Data for this task ::
-- Opening Marker --
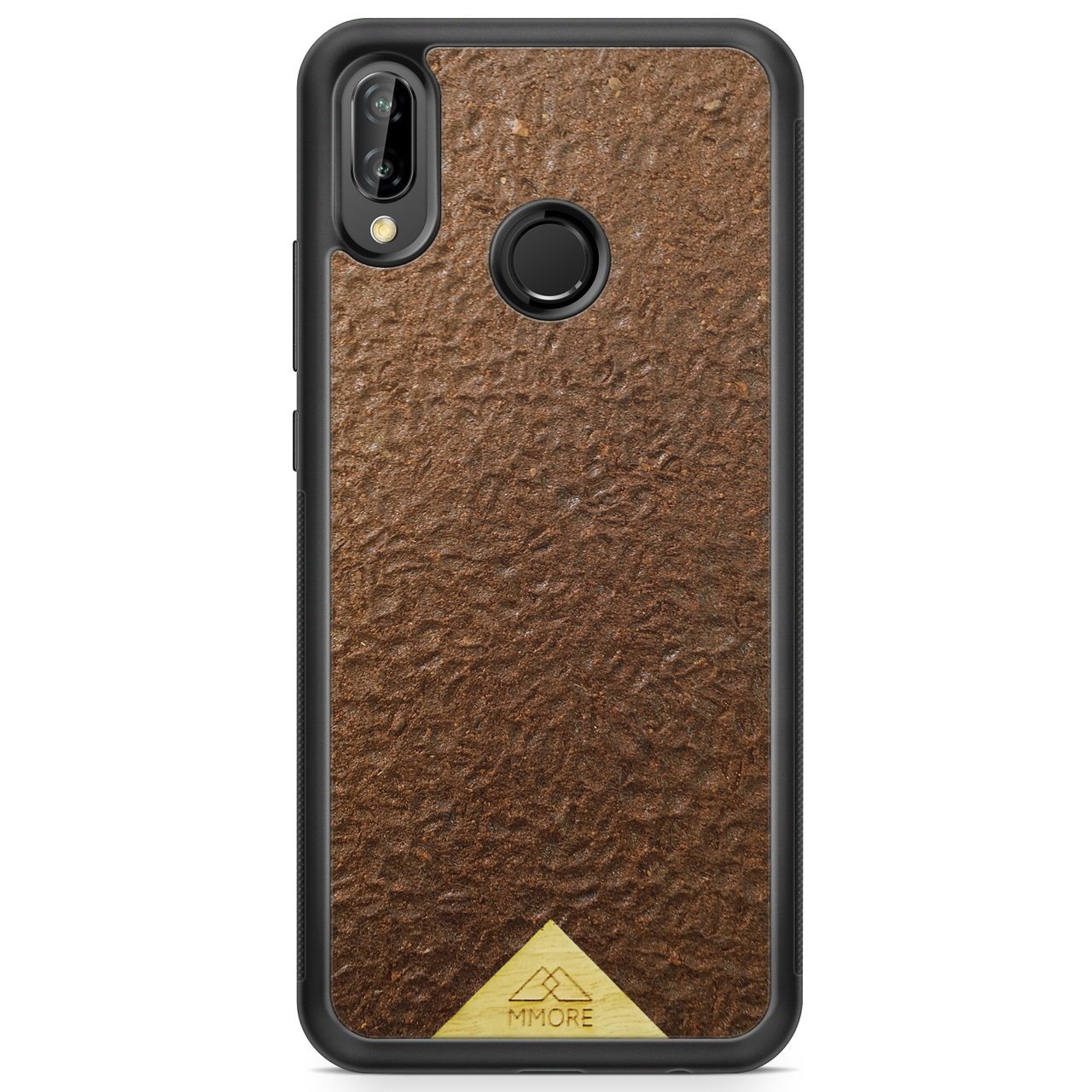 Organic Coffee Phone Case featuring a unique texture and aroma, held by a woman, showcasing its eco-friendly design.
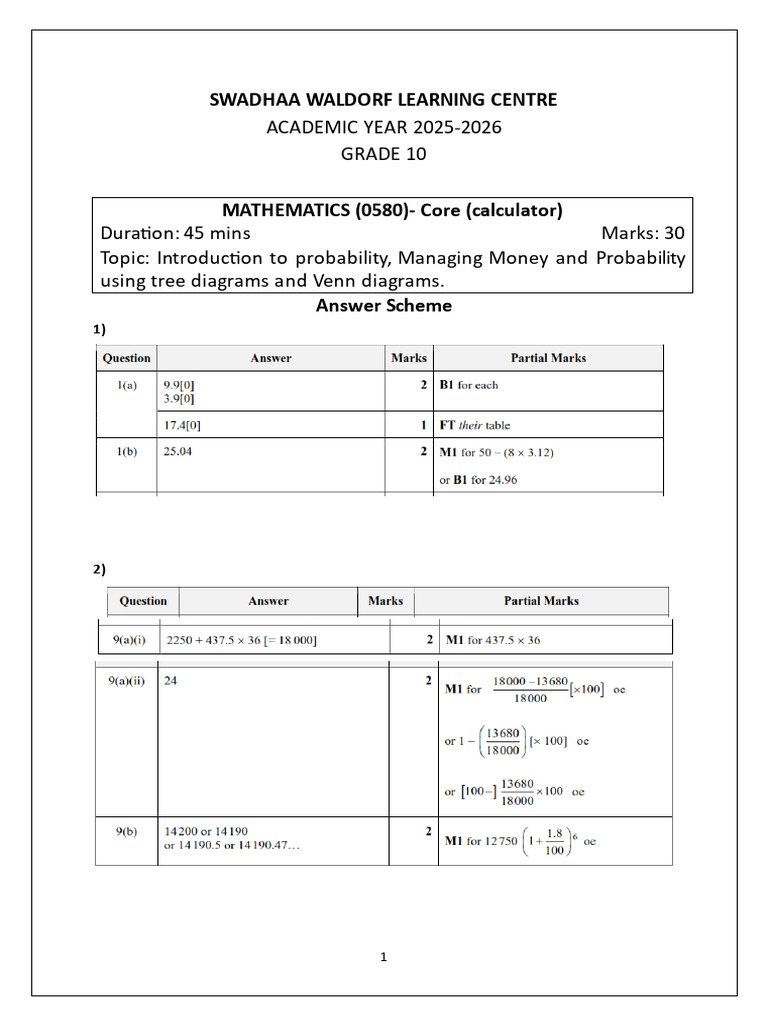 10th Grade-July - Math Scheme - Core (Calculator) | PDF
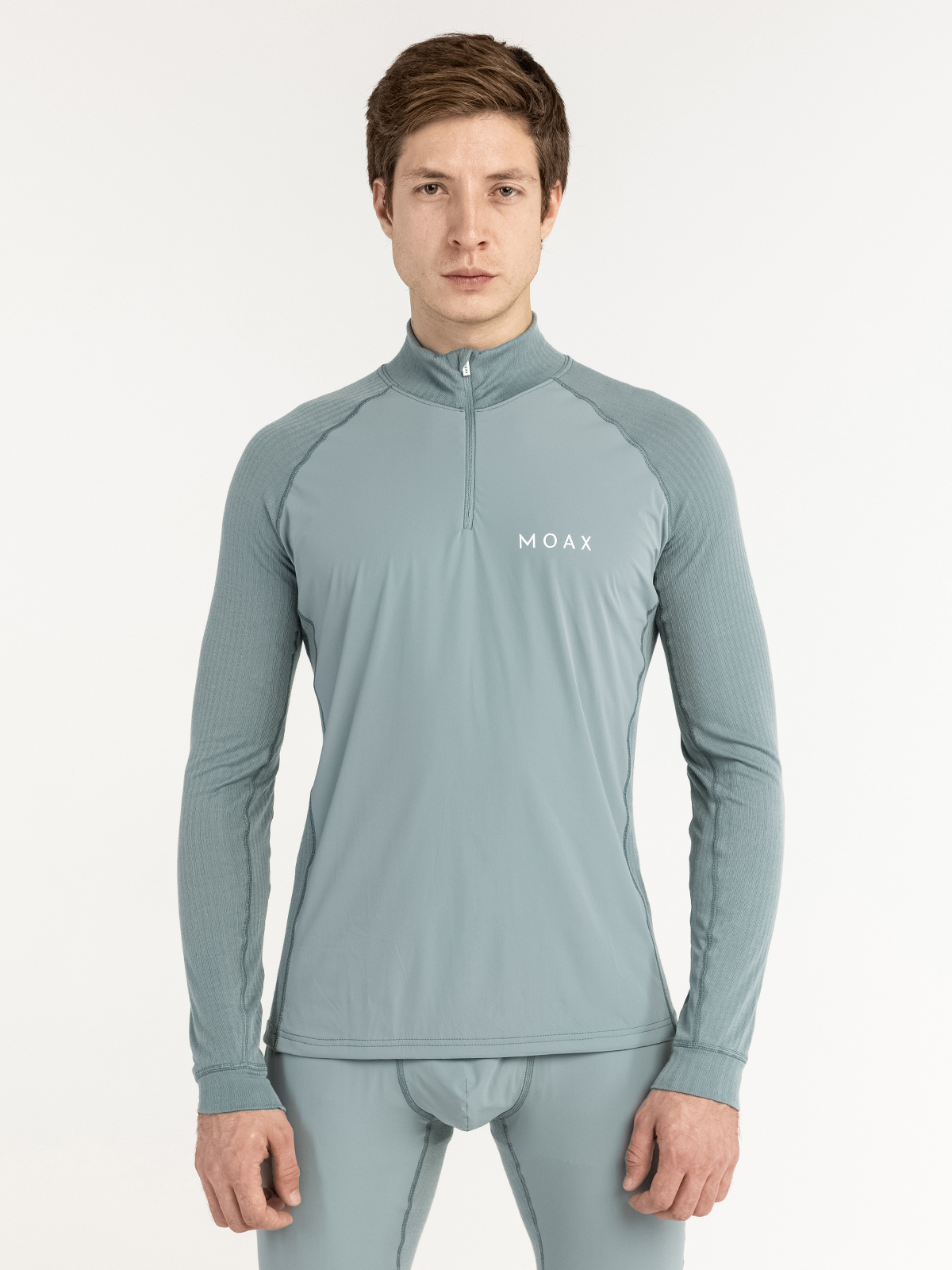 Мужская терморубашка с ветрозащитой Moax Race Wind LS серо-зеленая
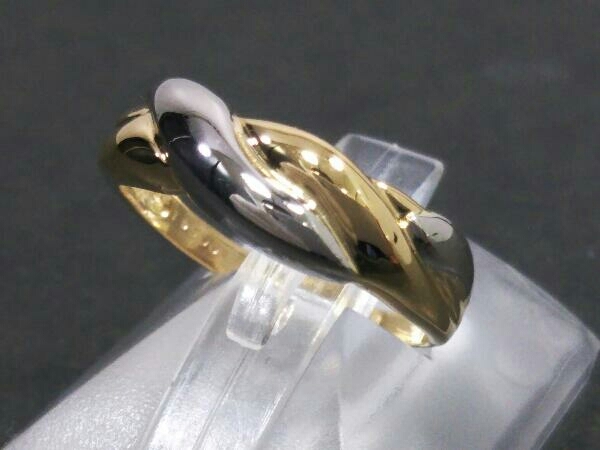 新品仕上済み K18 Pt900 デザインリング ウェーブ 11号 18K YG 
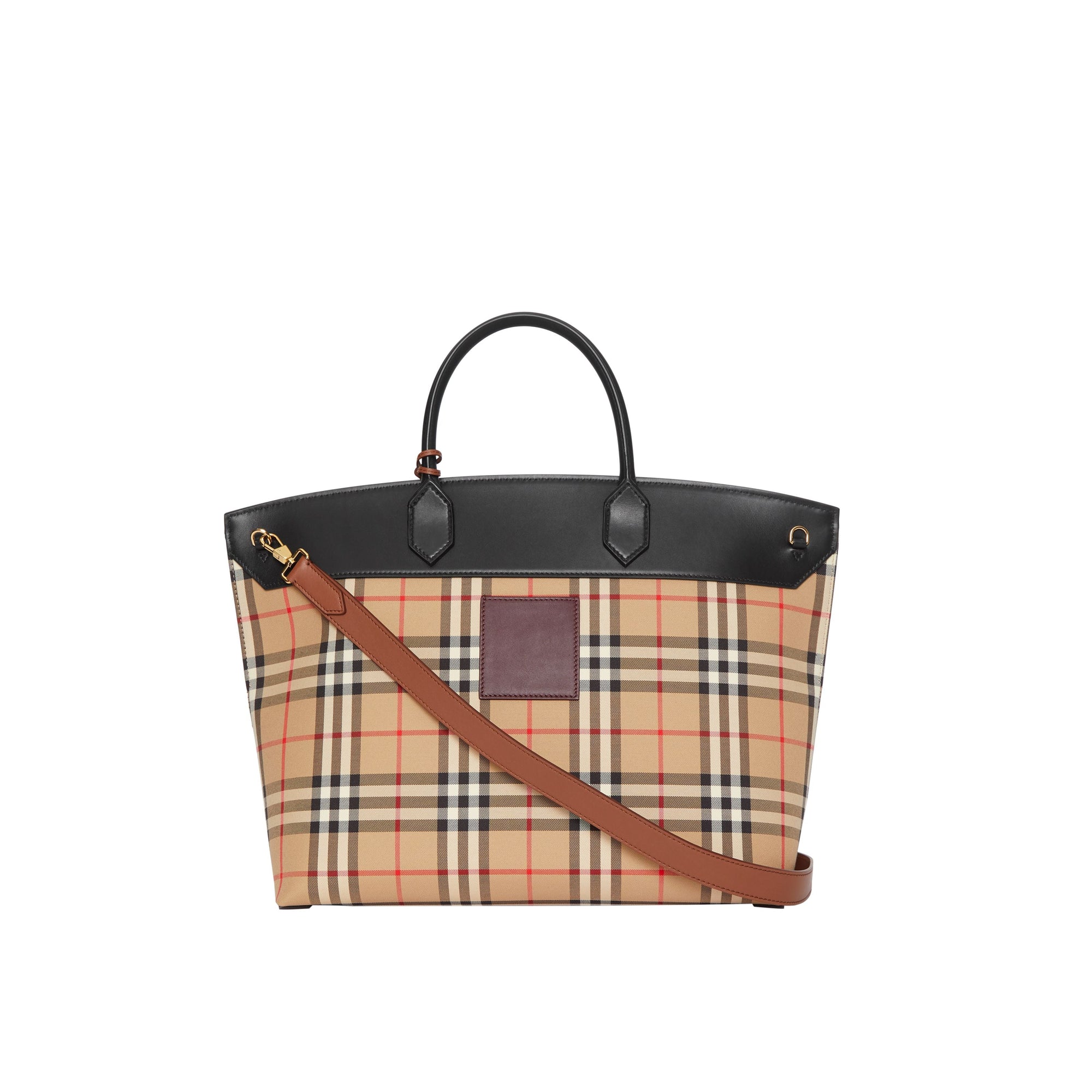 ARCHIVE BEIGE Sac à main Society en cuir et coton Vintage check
-- Closing Marker --
Exact copy, no pictures: please print every record above as written.

 Organic Coffee Phone Case featuring a unique texture and aroma, held by a woman, showcasing its eco-friendly design.
 10th Grade-July - Math Scheme - Core (Calculator) | PDF
 Мужская терморубашка с ветрозащитой Moax Race Wind LS серо-зеленая
 新品仕上済み K18 Pt900 デザインリング ウェーブ 11号 18K YG 
 ARCHIVE BEIGE Sac à main Society en cuir et coton Vintage check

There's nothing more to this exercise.